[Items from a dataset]
====================

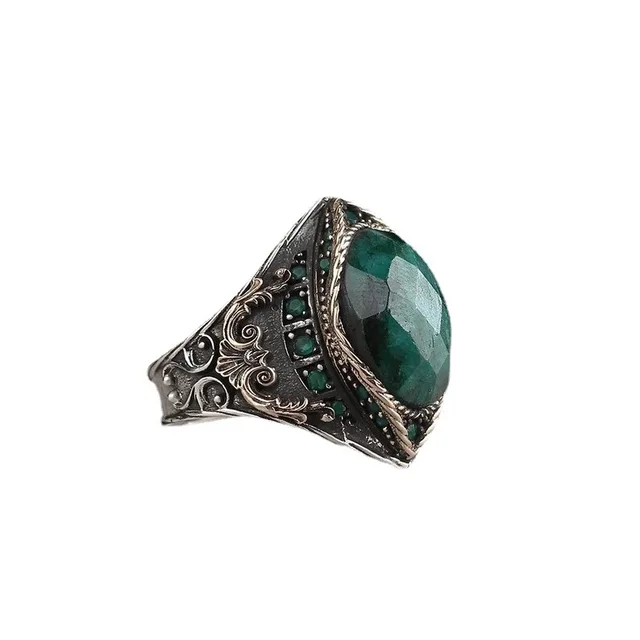Inlaid Sea Blue Zircon Cross border European And American Fashion Retro Ring Green - Shop at LoveMi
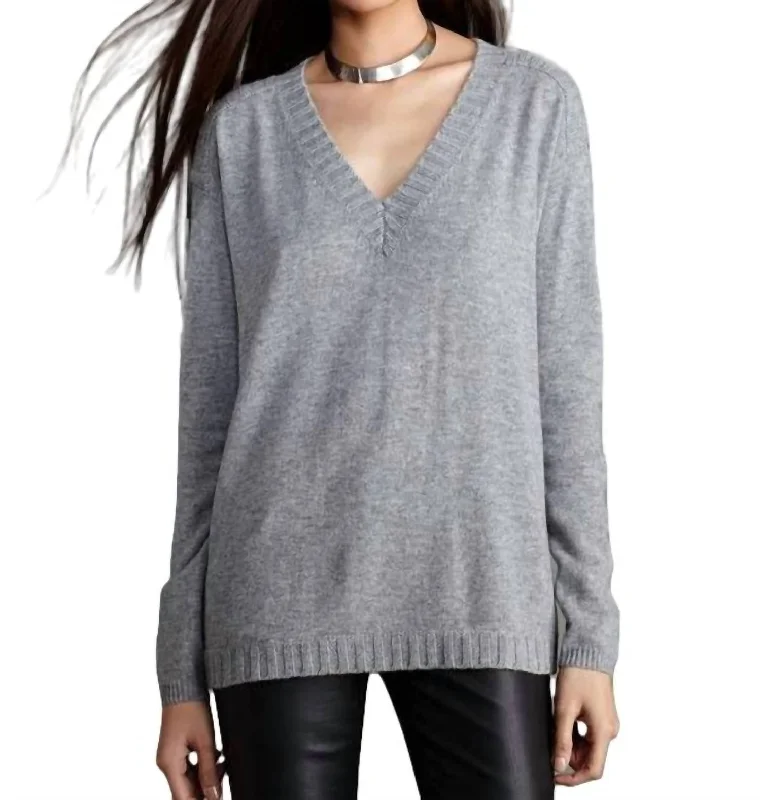 Organic Cotton Women Sweater for an Eco - Friendly ChoiceLuxe T-Back Vee Sweater In Grey/black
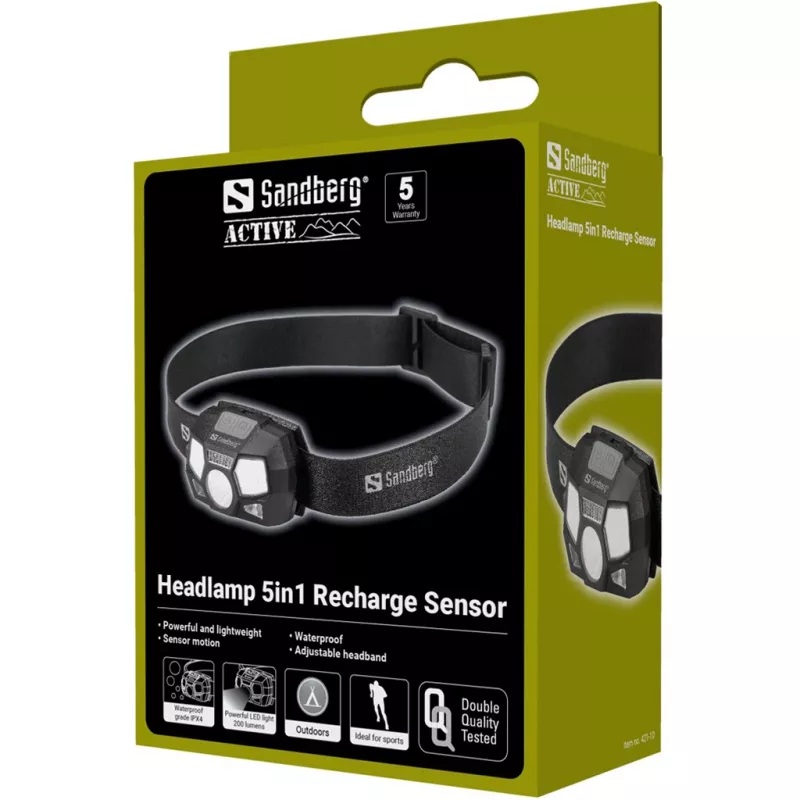 Otsalamppu Sandberg 5in1 Recharge Sensor LED 200 lm musta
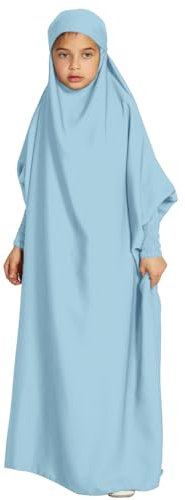 Odizli Gebetskleidung für Kinder Mädchen Abaya Muslim Islam Muslimische Kleider mit Kapuze Langarm Arabisch Robe Hijab Jilbab Khimar Kaftan Ramadan Burka Lang Gebetskleid Himmelblau 8-9 Jahre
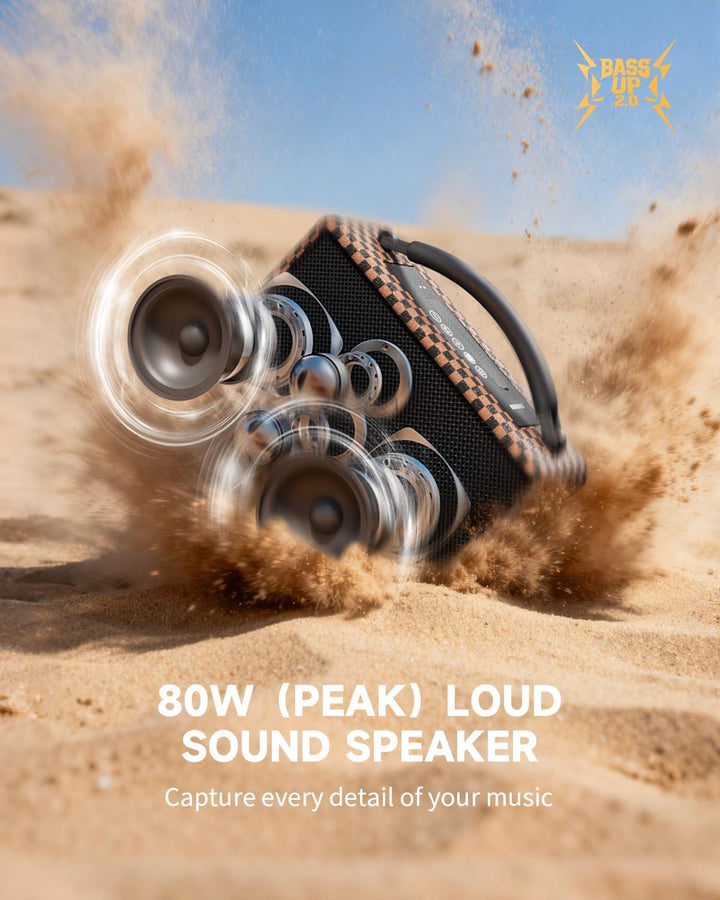 DINDIN Altavoz Bluetooth portátil: 80 W (pico), tiempo de reproducc...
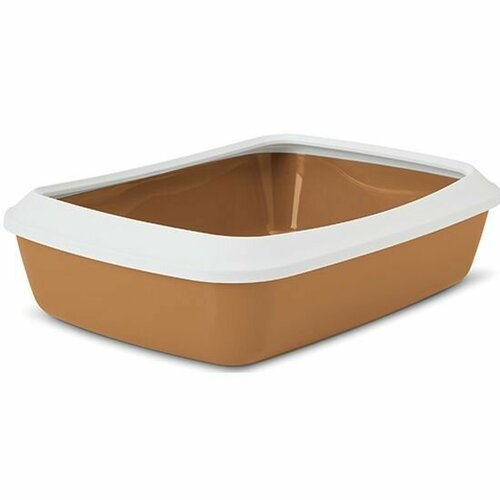 Savic Туалет для кошек с бортом LITTER TRAY IRIZ, бронзовый, 42 см/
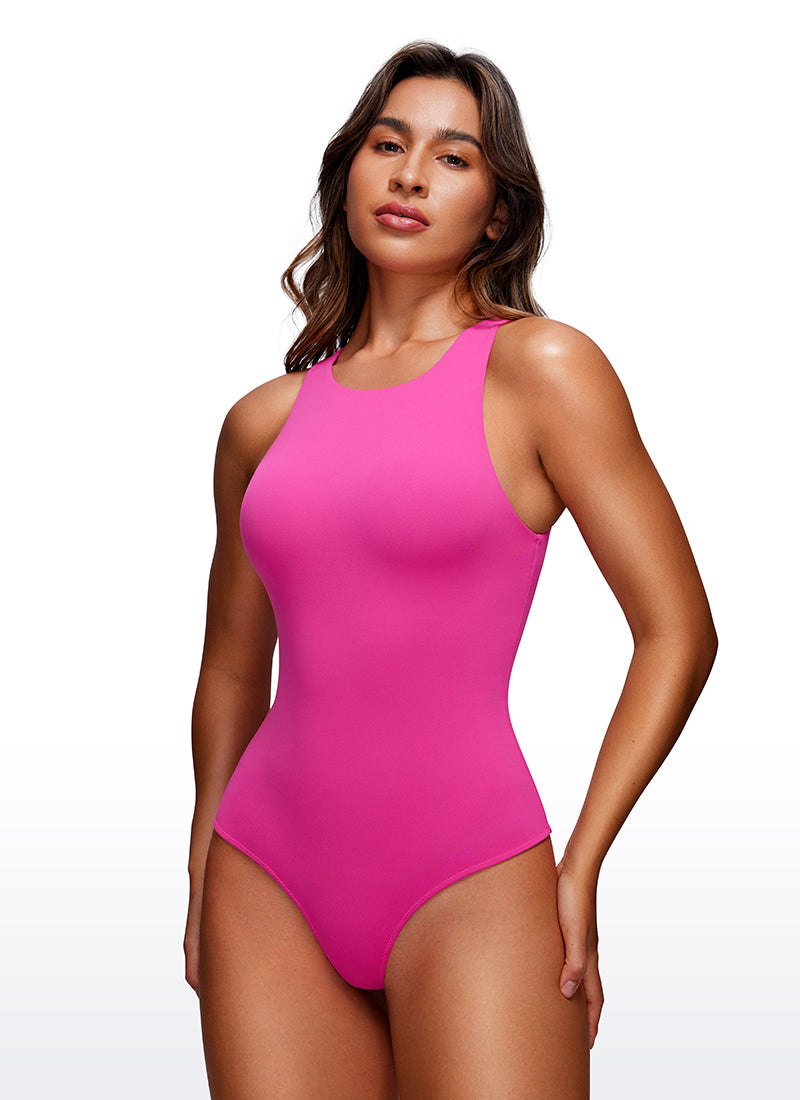 CRZ YOGA Women's Yoga Tight Fit High Neck Racerback Bodysuits Hibiscus Purple
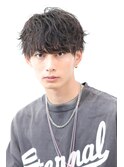 ソフトツイストパーマブルーブラックミニウルフ韓国マッシュ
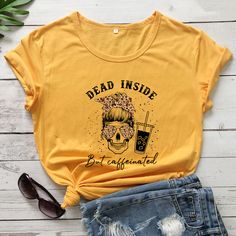 Coloreddeadinsidebutcaffeinated T-shirtspooky Women Short Sleeve Graphicskullcoffeelover Top Tee Shirt Casual Halloween Tops With Front Print, Casual Tops With Front Print For Halloween, Spiritual Hand, As Above So Below, Aesthetic Women, Graphic Top, Graphic Tops, Coffee Shirts, Graphic Tees Women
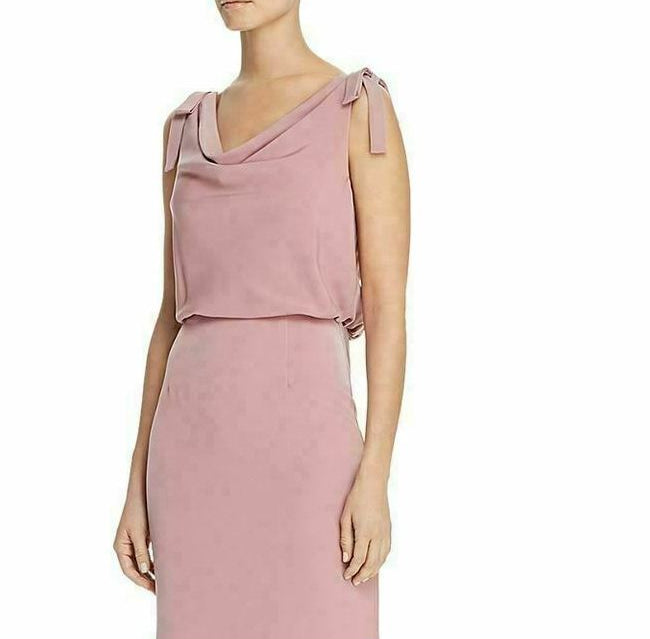Vestido feminino Adrianna Papell Bluson com decote careca, rosa, tamanho 6
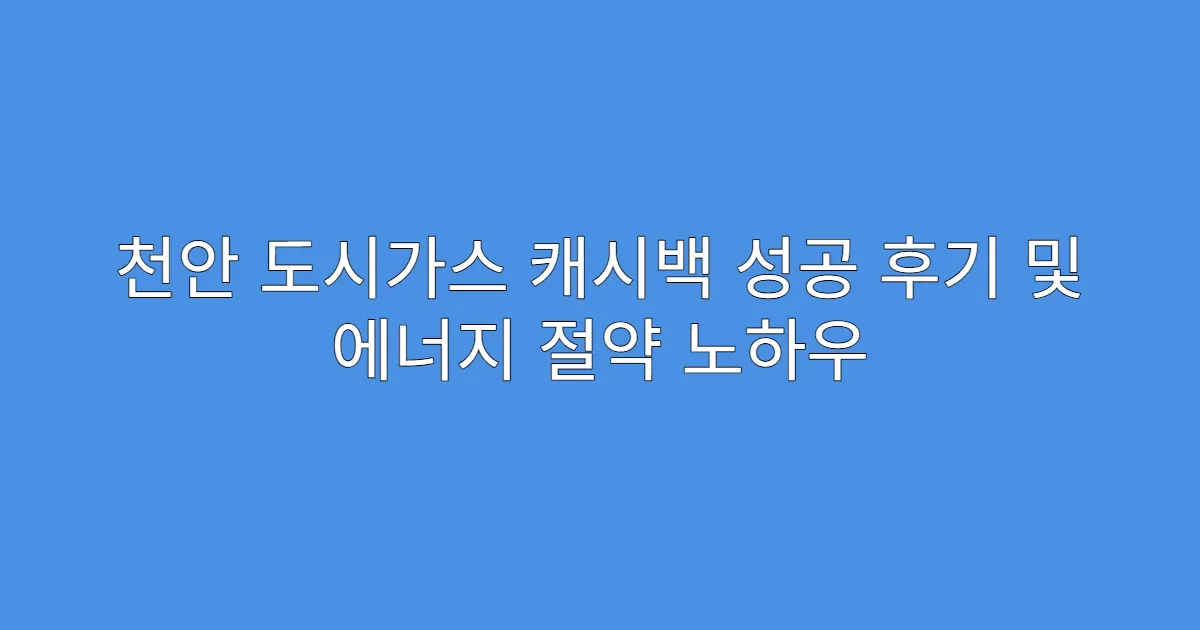 천안 도시가스 캐시백 성공 후기 및 에너지 절약 노하우
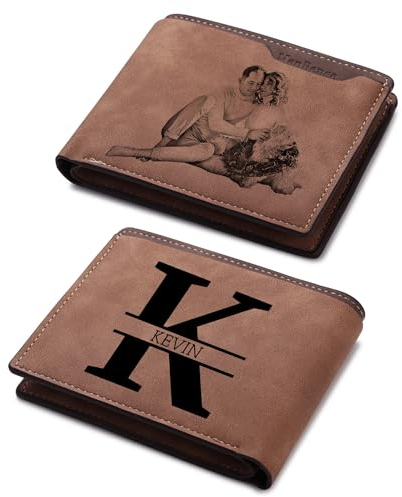 OTXIXTO Personalisierte Bild Bifold Leder Brieftasche für Männer Personalisierte Gravur Foto/Initial/Name Herren Geldbörsen für Papa Ehemann Sohn Trauzeugen Freund Geschenke (Stil A: Hellbraun)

====================

Copy exactly and only this span: the line with "Vestido feminino Adrianna" through the final line of the entries, both ends included, with the pictures left out.

Vestido feminino Adrianna Papell Bluson com decote careca, rosa, tamanho 6
 천안 도시가스 캐시백 성공 후기 및 에너지 절약 노하우
 OTXIXTO Personalisierte Bild Bifold Leder Brieftasche für Männer Personalisierte Gravur Foto/Initial/Name Herren Geldbörsen für Papa Ehemann Sohn Trauzeugen Freund Geschenke (Stil A: Hellbraun)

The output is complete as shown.